As the Weekly 18 suggests, maybe Singh's wins are boring. Maybe he needs to play with more style. Maybe he should be more popular.

And maybe he doesn't care about any of that. Maybe all he cares about is winning.

1. Singh in the reign
From the Department of Redundancy Department: Vijay Singh won again on the PGA Tour.

You may have read this story already. Singh gets lead, Singh keeps lead, Singh wins tournament. If there's more to the formula than that, Vijay isn't letting us in on the secret.

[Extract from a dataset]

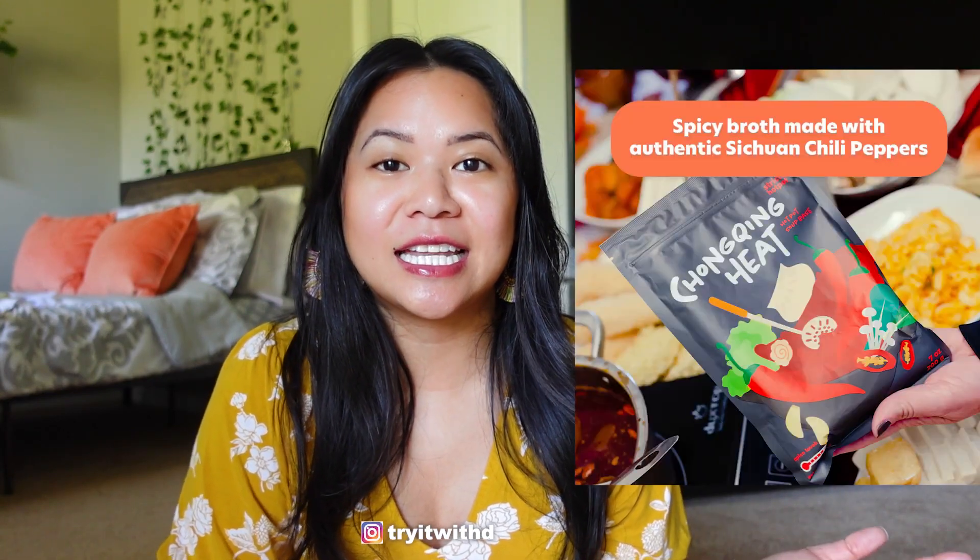Hey everyone! In this video I'm trying Mike Chen's hot pot soup bases. If you don't know who Mike Chen is, check out the YouTube channel Strictly Dumpling. It is a food and travel vlog channel, one of my favorites. He created his own hot pot soup bases — we're gonna try it in this video. There's the Chongqing heat and the rich tomato. I hope you guys enjoy, and let's get into the video.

When Tiger Woods was lapping fields a few years ago -- take the 2000 U.S. Open for example, where he won by 15 strokes -- he was doing so with a style and flair that we hadn't seen since Arnold Palmer was in his prime. Tiger was electric; his talent led to him becoming the most popular athlete on the planet and, without a doubt, one of its richest. The more Woods won, the more the sport of golf won, as TV ratings grew and tournament purses vaulted to all-time highs. By comparison, Singh is, well, boring. He hits the ball a mile off the tee, almost always straight down the fairway. He knocks a high percentage of iron shots close to the hole. And, since switching back to a standard putter at the Buick Open, he's been making an awful lot of birdie putts.

If Tiger Woods is a cherry-red Porsche then Vijay Singh is a family sedan: safe, reliable and never flashy but gets from Point A to Point B with seemingly no trouble.

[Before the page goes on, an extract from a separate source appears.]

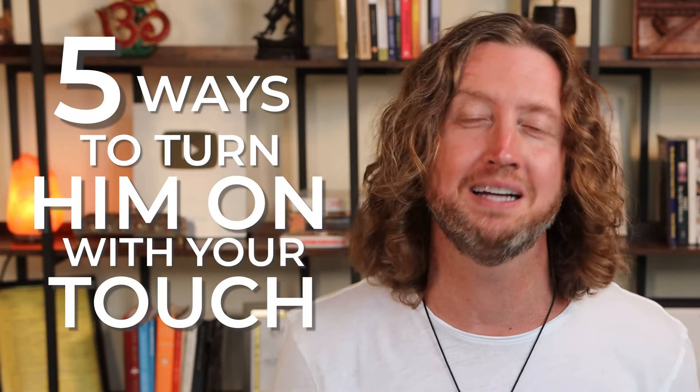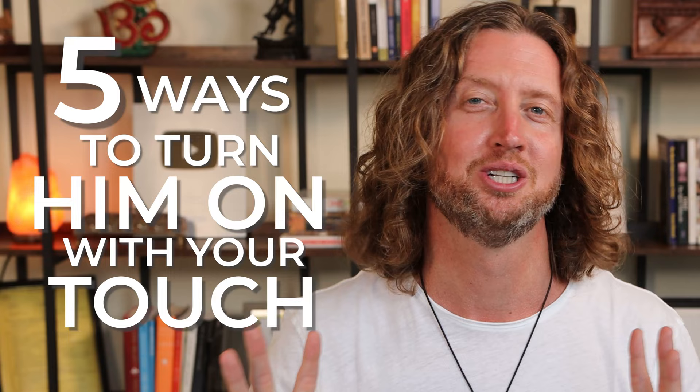In this video, I'm going to share five ways to turn him on with your touch. This is such a fun subject because there are so many cool little things that you can do just in the way that you touch him that will absolutely make him melt and make him go crazy for you. It doesn't have to be a big thing. These are small, subtle things, but they're going to make a huge difference, I promise.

Call Singh boring and he's likely to chuckle and shrug his shoulders. After all, if being boring means setting a single-season PGA Tour record by winning more than $10 million and claiming eight victories, then any golfer would love to be as boring as Singh.

2. On the DiMarco
Chris DiMarco has been hot lately. Not only was he the only U.S. Ryder Cupper to finish above .500 (he was 2-1-1 in four matches), on Sunday DiMarco grabbed his fourth top-six finish in his last five starts. Starting with The International (when he failed to build on a large lead he owned entering the weekend), DiMarco has finished T-6, T-2, T-6, T-24 and T-3 in the last five events he has entered.

3. The Daly dose
The eminently popular John Daly always makes for good television. However, on Saturday it was Daly's announcing, not his playing, that excited viewers. Joining the ESPN broadcast team in the booth, Daly watched Vijay Singh standing over his fifth shot on the 16th hole and surmised, "He's likely to chip it in." Singh did just that, proving either Daly's a terrific analyst or Vijay's a terrific golfer. Either way, it was entertaining stuff.

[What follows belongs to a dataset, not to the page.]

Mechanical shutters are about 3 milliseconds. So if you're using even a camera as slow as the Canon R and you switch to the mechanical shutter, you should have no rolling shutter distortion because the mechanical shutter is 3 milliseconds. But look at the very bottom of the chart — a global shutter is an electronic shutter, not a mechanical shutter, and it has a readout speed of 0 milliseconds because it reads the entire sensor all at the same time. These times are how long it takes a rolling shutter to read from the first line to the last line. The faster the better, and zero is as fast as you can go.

4. Lumbering around the course
Vijay Singh and Chris DiMarco were among those who criticized pace of play after Saturday's third round -- and rightly so. Playing in threesomes and with only 74 players still remaining after the cut, most rounds took upwards of five-and-a-half hours to complete. After shooting an even-par 72, Singh blamed the hit-and-wait tempo of the round for his average finish.

5. Ben there, done that
Ben Curtis must have been kicking himself after following up a 67-67 start at the 84 Lumber with a third-round 81 that featured seven bogeys, a double-bogey and no birdies. The 2003 British Open champ hasn't contended much on tour since then but trailed Singh by only two strokes on Friday night. Curtis made a strong comeback in Sunday's final round, shooting a 68, punctuated by a hole-in-one on 12 and another eagle on the par-5 16th. If Curtis could have shot just a 70 on Saturday, he would have topped Singh's 273 total by a stroke. Instead, he finished T-32 and was left wondering what happened on Saturday.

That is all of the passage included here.